Brief descriptive captions:
──────

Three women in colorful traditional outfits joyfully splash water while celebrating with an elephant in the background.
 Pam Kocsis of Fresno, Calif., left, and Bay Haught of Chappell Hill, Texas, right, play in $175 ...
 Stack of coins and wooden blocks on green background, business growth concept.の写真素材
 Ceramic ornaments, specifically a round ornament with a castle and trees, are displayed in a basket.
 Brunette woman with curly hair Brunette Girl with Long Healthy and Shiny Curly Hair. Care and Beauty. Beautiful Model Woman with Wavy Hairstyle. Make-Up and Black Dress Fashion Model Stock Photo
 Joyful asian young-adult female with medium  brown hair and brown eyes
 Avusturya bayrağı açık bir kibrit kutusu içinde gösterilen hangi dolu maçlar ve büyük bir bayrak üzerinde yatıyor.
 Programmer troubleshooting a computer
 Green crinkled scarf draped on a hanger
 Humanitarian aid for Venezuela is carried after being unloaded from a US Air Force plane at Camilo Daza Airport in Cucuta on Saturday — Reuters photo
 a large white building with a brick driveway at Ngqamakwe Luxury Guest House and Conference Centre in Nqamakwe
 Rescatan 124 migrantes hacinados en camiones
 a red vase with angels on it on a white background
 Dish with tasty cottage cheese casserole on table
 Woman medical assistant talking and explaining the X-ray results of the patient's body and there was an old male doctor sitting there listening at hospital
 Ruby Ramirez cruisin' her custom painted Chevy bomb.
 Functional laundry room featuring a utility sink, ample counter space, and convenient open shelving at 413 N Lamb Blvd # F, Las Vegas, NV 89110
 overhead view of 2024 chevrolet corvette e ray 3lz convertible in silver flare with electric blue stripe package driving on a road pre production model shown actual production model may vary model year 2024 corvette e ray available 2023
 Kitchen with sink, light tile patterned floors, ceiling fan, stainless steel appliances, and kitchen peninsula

──────

• [What the task requires] The answer must be a single number: how many lines of the data hold the word "sink".

• [Final answer] 2